Image tirée du film Freejack de Geoff Murphy (1992)

Quoi qu'il en soit, l'idée de base a plu encore une fois à des producteurs de cinéma qui en ont fait un film en 1992, au casting assez impressionnant (Emilio Estevez, Anthony Hopkins, René Russo et... Mick Jagger) mais au succès médiocre, qui annonçait pourtant la vague cyberpunk. Il est disponible sur Prime Video, si vous êtes curieux.

Pour finir, un petit mot sur l'édition Presses Pocket de 1977, facilement trouvable dans les bouquineries, et reconnaissable à sa très jolie illustration de couverture signée Siudmak : ne vous attendez pas à un roman olé olé, la jeune femme dénudée (que vous avez forcément remarquée sur cette page) n'apparaît pas du tout dans l'ouvrage. On vous aura prévenus. Quant aux collectionneurs chanceux, ils pourront le trouver dans le prestigieux Club du Livre d'Anticipation des éditions OPTA, couplé à un recueil de nouvelles du même auteur encore plus corrosif, ouvrage relié duquel est tiré l'illustration qui clôt cet article.

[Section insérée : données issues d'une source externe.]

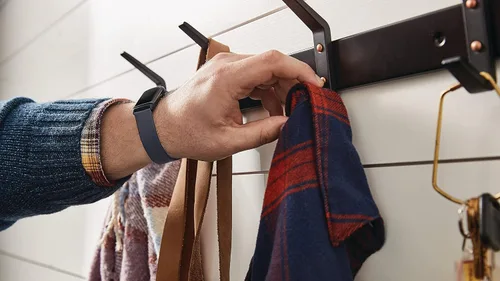 Vista 4 de Fitbit Charge 5, correa de cuero vegano, índigo, grande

Et pour être totalement complets, sachez qu'il a parfois été édité en France sous le titre : Éternité, société anonyme, traduction presque littérale de sa version originale.




+ Les points positifs - Les points négatifs
  • Un auteur méconnu en France qui mérite qu'on s'y attarde.
  • Un style alerte, teinté d'ironie.
  • Des questionnements philosophiques pertinents.


  • Des personnages qui dégagent peu d'empathie.
  • Une vision du futur assez naïve.